Book Review: Dear Alaere

Book description:

Alaere Benson is your typical modern, professional woman in search of that elusive work-life balance and societal acceptance in Lagos. When she gets a job at Criole, she is excited to be working for a multinational company, but it does not take long for her to see that Criole is dysfunctional and bears an eerie similarity to Nigeria. As she struggles to find her footing in her new role, she witnesses a never-ending theatre of murder, sexual harassment and mysticism.

At home, she is happily married to ‘Laja, but they begin to have problems when they experience difficulties having children and their situation is compounded by extended family interference.

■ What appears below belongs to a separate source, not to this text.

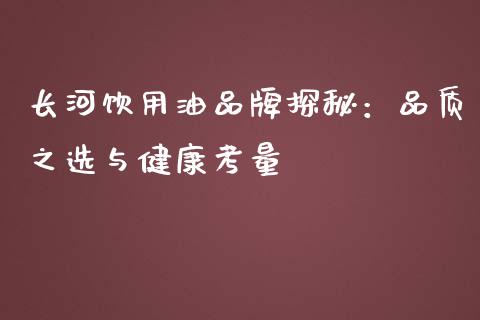 长河饮用油品牌探秘：品质之选与健康考量_https://www.qdlswl.com_直播_第1张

With things spiralling out of control, she is forced to reassess how she feels about the chaos around her and takes charge of her life with her often humorous, frank diary entries. As she confronts and grapples with her experiences, she finds peace and healing through the catharsis of writing.


Interesting writing and description, but unfortunately, almost at the end of the book, I don’t know what the book is about. There are a few themes, events, and scenes with little or no development. We are following the main character, Alaere as she literally breezes through life. Before we enter the office with her and attempt to fully grasp how her day unfolds, she’s already back home and 9 months pregnant.

There’s no sense of time, so it’s difficult for someone like me who pays a lot of attention to timelines.

There are also some unbelievable characters and events, for instance, Alaere’s new female project manager pushing for a relationship with her, just like that (with someone who is clearly not interested in women). The same goes for a top-level expatriate who meets her and immediately starts sharing details of his love life and love letters. Maybe it was done after months of working together, but with no sense of time, everything feels rushed.

There are a few consistency issues, especially the part where Alaere’s illiterate driver Alhaji Wasiu, speaking pidgin English all through suddenly speaks correct and perfect English, even analysing world issues.

In all, the minor inconsistencies don’t affect the story as a whole, but a defined plot and timeline, as well as concentration on one main theme, would have made the book richer.

I always have a favourite line in every story. For this one, it was a page into the book when Alaere began a new job and her line manager with braided hair introduced herself as ‘Kamarachimdi’. I thought the name was too long for her to say it in full so casually, so I nodded when Alaere shortened the name to ‘Kamara’. The manager interrupted Alaere immediately saying ‘I would prefer if you did not abbreviate my name’. I felt that one. I laughed in total embarrassment, and I’m sure Alaere felt the same way. She imagined the ground cracking open and swallowing her manager whole, leaving behind only her braided wig. That image had me laughing as well.